Rostow avait à sa droite les premiers rangs de ses hussards et au fond, devant lui, une ligne sombre dont il ne pouvait se rendre compte à distance, mais qui était l'ennemi. On entendait au loin des coups de fusil.
«Au trot accéléré!...»
Et Rostow, suivant l'impulsion de son cheval excité, se sentait gagné par la même ardeur. Un arbre solitaire qui lui avait semblé être au milieu de cette ligne mystérieuse était maintenant dépassé:
«Eh bien, la voilà dépassée, et il n'y a rien de terrible, au contraire tout devient plus gai, plus amusant. Oh! comme je vais les sabrer!» murmura-t-il avec joie en serrant la poignée de son sabre.
Un formidable hourra retentit derrière lui....

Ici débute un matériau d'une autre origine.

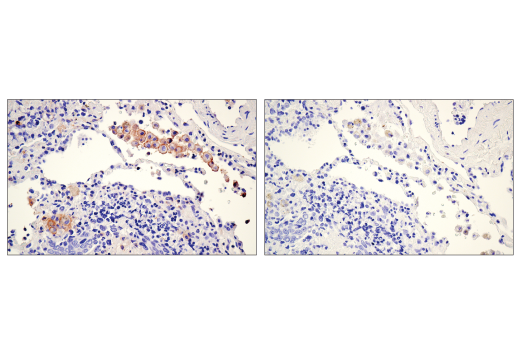 Immunohistochemistry Image 3: CD86 (E2G8P) Rabbit Monoclonal Antibody (BSA and Azide Free)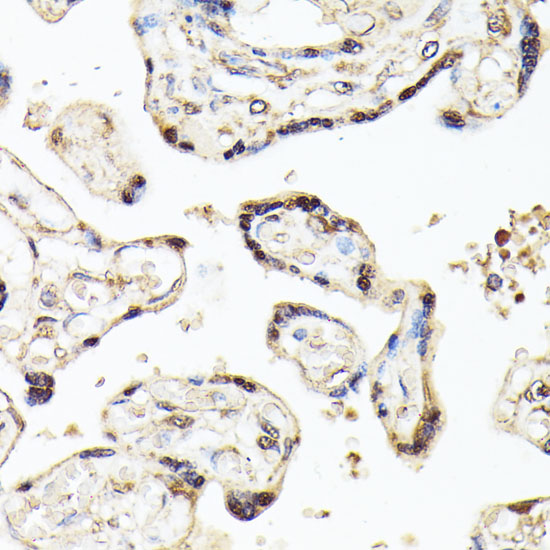 KLF5 antibody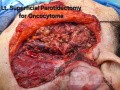 Onkocytoma lewej ślinianki przyusznej 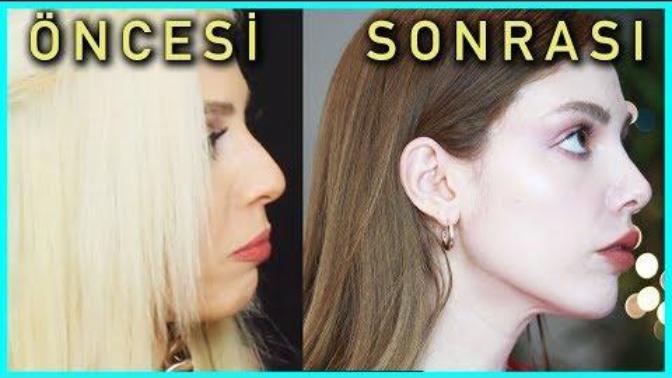Çenesinde selülit olduğunu düşünen ve çözümünü bulan var mı?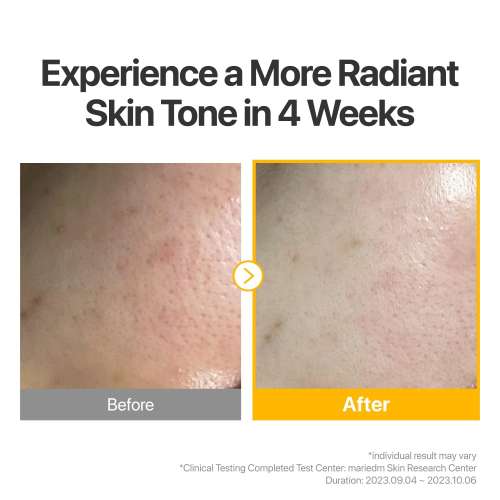 Numbuzin: No.5+ Glutathione Vitamin Concentrated Mask 27ml*5ea
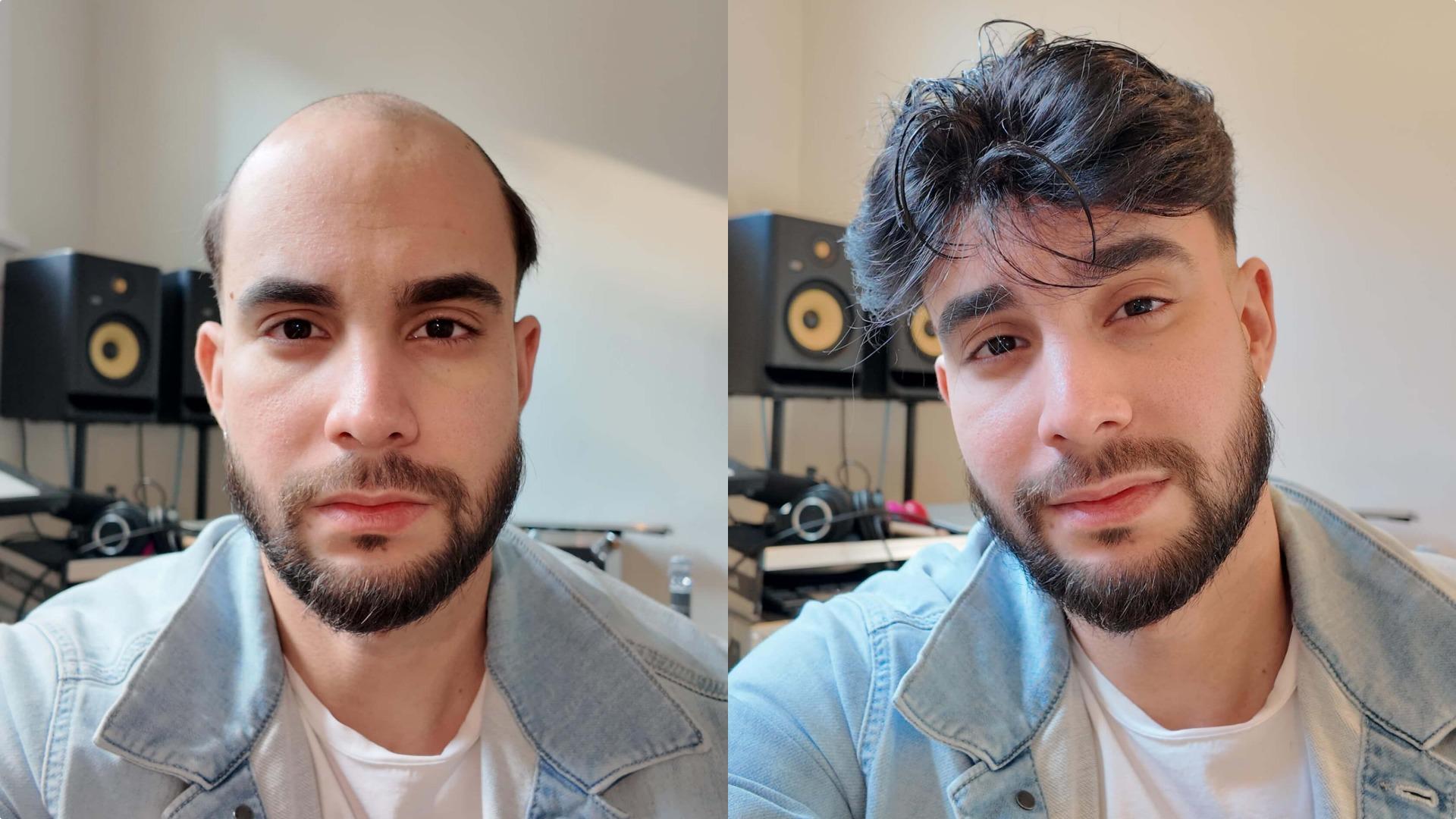 Mono Hair System - Industry-first design - Thicker density - Superior Durability - Extended Lifespan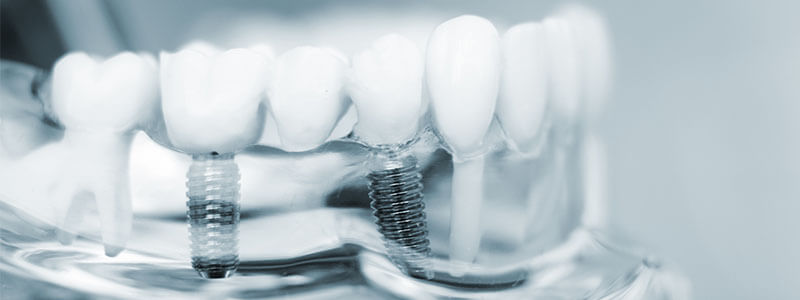 Implantologie in der Zahnartztpraxis Katerina Luyken in Grunewald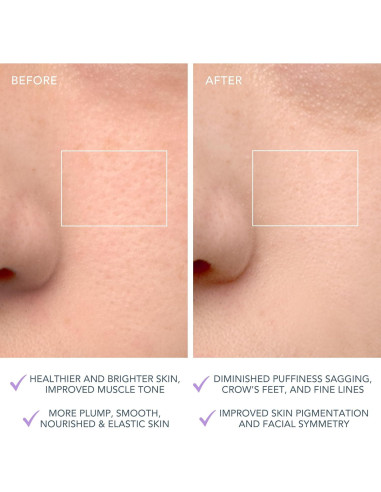 Cepillo Limpiador Facial Foreo LUNA 4 - Masajeador Reafirmante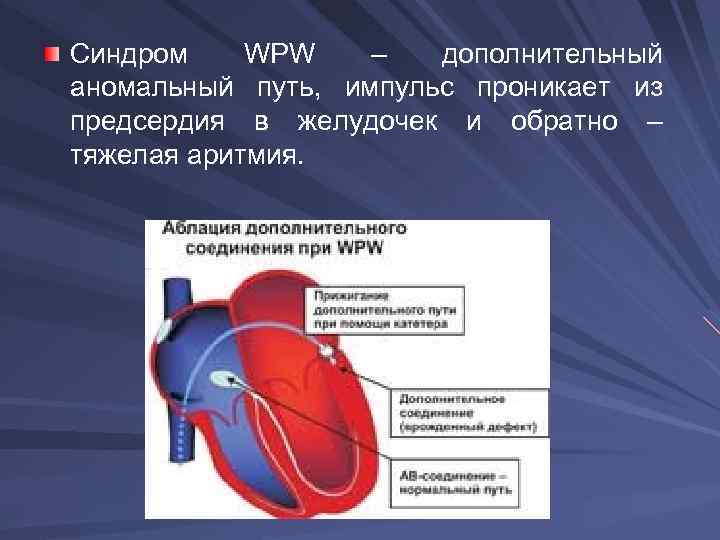 Синдром WPW – дополнительный аномальный путь, импульс проникает из предсердия в желудочек и обратно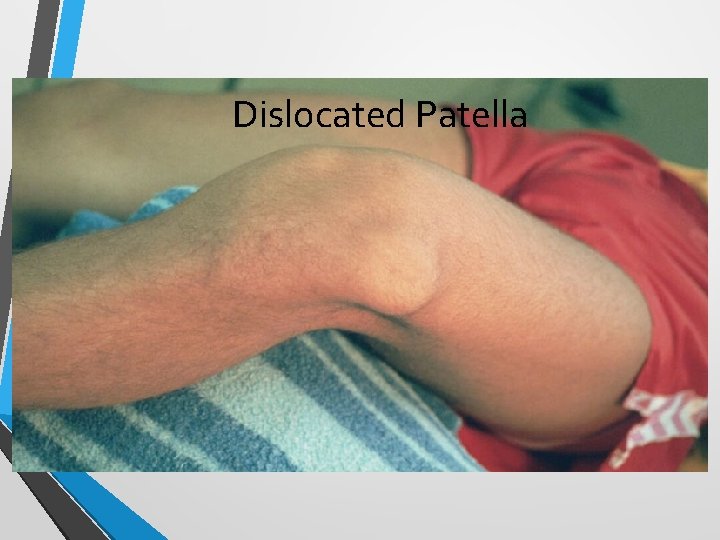 Dislocated Patella 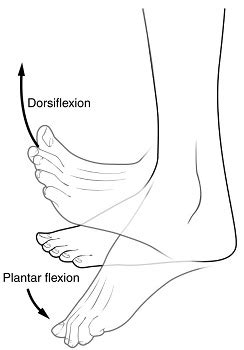 Dorsiflexion Definition Contracture Study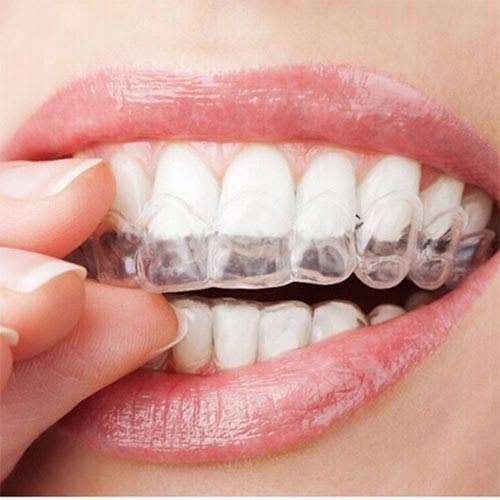 4 piece Anti Snore Snoring Bruxism Sleeping Mouth Guard Tray Gum Shield **LOCAL STOCK**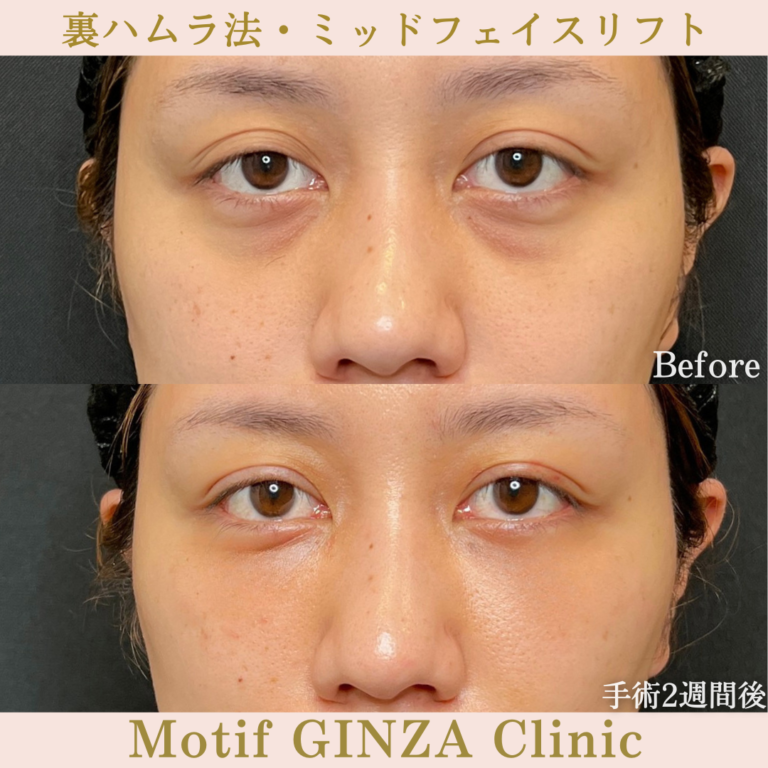 裏ハムラ法・ミッドフェイスリフト(手術5か月)の写真5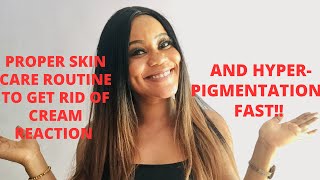 HOW TO GET RID OF CREAM REACTION AND HYPERPIGMENTATION USING VITAMIN SERUM IN THIS WAY [upl. by Itsud504]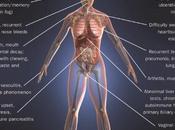 SYNDROME SJÖGREN L'infection bactérienne augmente risque EULAR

«Qu'il me tombe seulement sous la main!»
Et, enlevant Corbeau, il le lança à pleine carrière; l'ennemi était en vue. Tout à coup un immense coup de fouet cingla l'escadron. Rostow leva la main, prêt à sabrer, mais au même moment il vit s'éloigner Nikitenka, le soldat qui galopait devant lui, et il se sentit, comme dans un rêve, emporté avec une rapidité vertigineuse, sans quitter sa place. Un hussard le dépassa au galop et le regarda d'un air sombre.
«Que m'arrive-t-il? Je n'avance pas; je suis donc tombé? suis-je mort?»
Questions et réponses se croisaient dans sa tête. Il était seul au milieu des champs; plus de chevaux emportés, plus de hussards, il ne voyait autour de lui que la terre immobile et le chaume de la plaine. Quelque chose de chaud, du sang, coulait autour de lui:
«Non, je ne suis que blessé; c'est mon cheval qui est tué!»